The one thing that seems like a bit of a tough sell with this announcement is
it looks like a lot of these integrations are pretty deeply intertwined with
different parts of the framework and might not be easy to set up if you're
using just the Apollo client and not the server. Just browsing quickly I see
that some of the components require some workarounds and proxies and such with
other backends. The post talks about making it easy to incrementally add
graphql to existing apps, but for any apps built in languages other than
NodeJS I'd worry that it might not be a first-class experience to use the
entire platform.

I'll definitely have to look through the docs more thoroughly though, there's
a lot here.

------
SirensOfTitan
We use Apollo heavily within our iOS app. These peeps build really awesome
tooling.

Despite that, I wish more time were invested in the OSS native apollo
libraries (iOS, Android). There still isn't a way to do cache invalidations,
and both libraries (perhaps understandably so) are well behind apollo-js in
features. I would build something myself as a PR (and perhaps this is a
problem with _most_ GitHub projects), but non-trivial PRs seem to be left
sitting for months or never touched at all by maintainers.

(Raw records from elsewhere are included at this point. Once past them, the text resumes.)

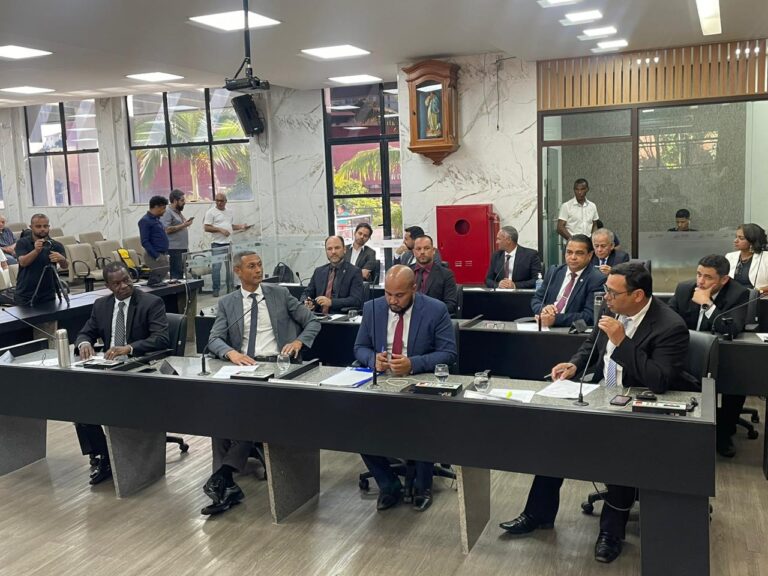 Parlamentares votam quatro projetos na sessão plenária desta terça-feira.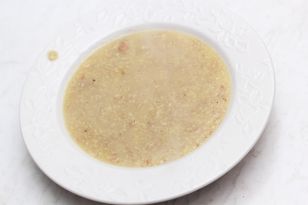 Neurologists recommend oatmeal with toppings as brain fuel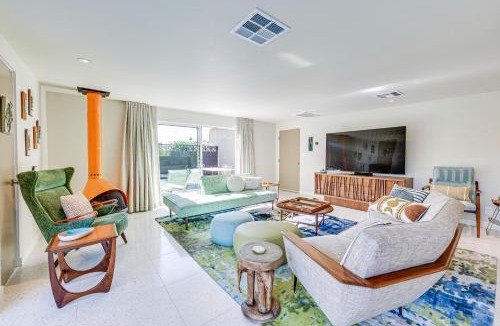 Palm Springs House | 2 Mi to Downtown: Luxe Palm Springs Home!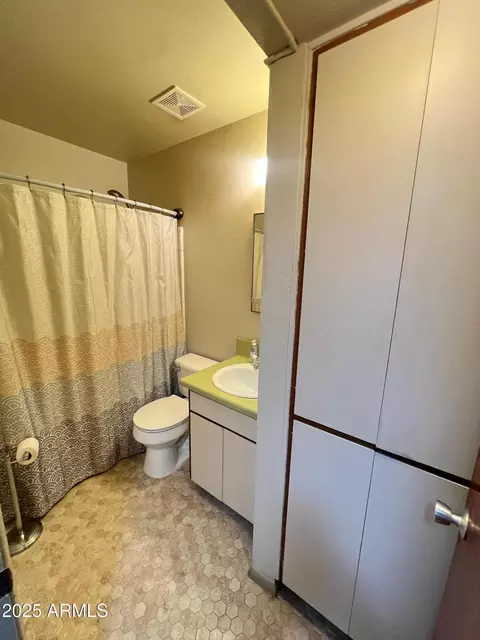 Bath - 5518 E Lindstrom Ln #B6, Mesa, AZ 85215 photo 1 of 1
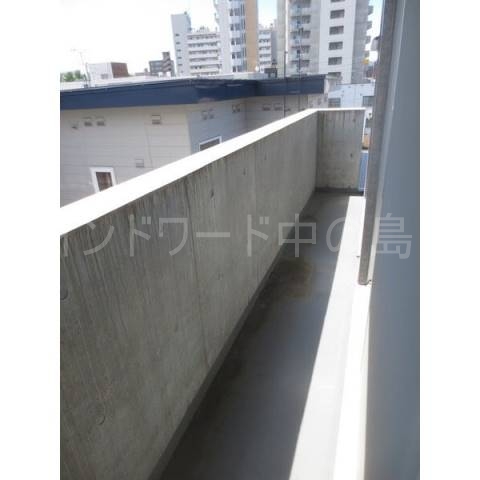バルコニー　詳細は、ウィンドワード中の島店までご相談下さい。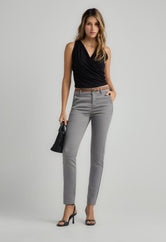 Pantalón ejecutivo gris fondo entero para mujer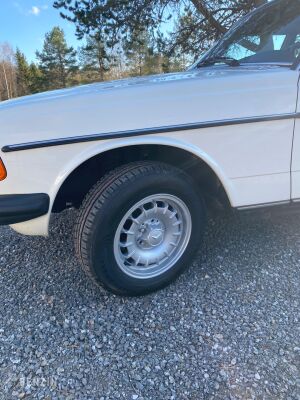 Mercedes-Benz 300 Turbodiesel W123 - 1983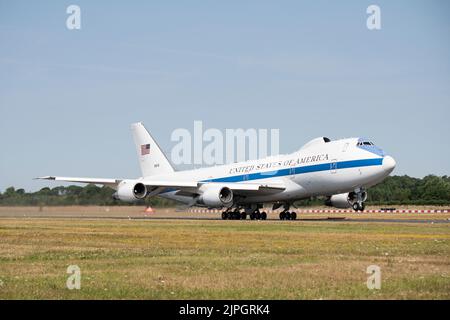 États-Unis les Boeing E-4B National Airborne Operations Center quittent RAF Fairford au Royaume-Uni après avoir participé au RIAT Banque D'Images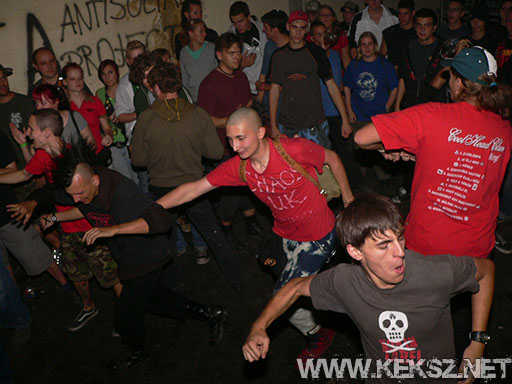 060901-1101-hold_x_true.jpg
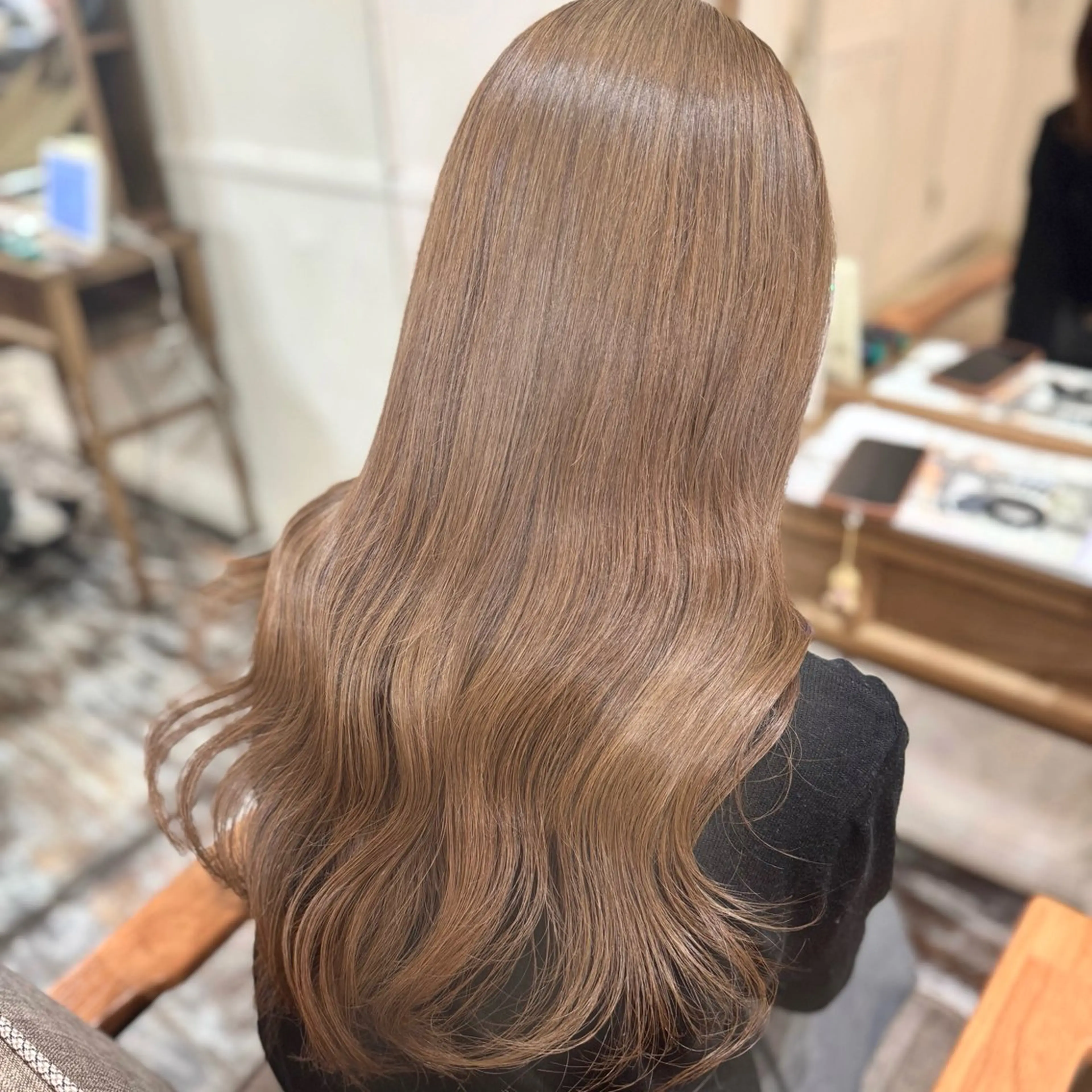 ロング カラー 松葉 柚月のヘアスタイル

I bet the Apollo folks are just focusing their efforts where interest lies,
but there really isn't a great, fully-featured OSS graphql client for mobile
right now. React Native + apollo-js does not count to me: I have never used a
React Native app I've felt acceptable on Android, and have only found
marginally acceptable iOS apps in the wild.

------
audiolion
This is awesome. I wonder how much the Enterprise Graphql Gateway is, our app
is under a million queries a month, but right now I instantiate multiple
apollo clients which point to different Graphql endpoints because we do not
have a gateway. I would love this but I am not sure if it makes sense for our
case from a cost perspective.

------
hbcondo714
Does this allow us to monetize GraphQL, similar to Apigee[1] where you could
charge customers for API usage?

[1] [https://apigee.com/api-management/#/product/monetize-
apis](https://apigee.com/api-management/#/product/monetize-apis)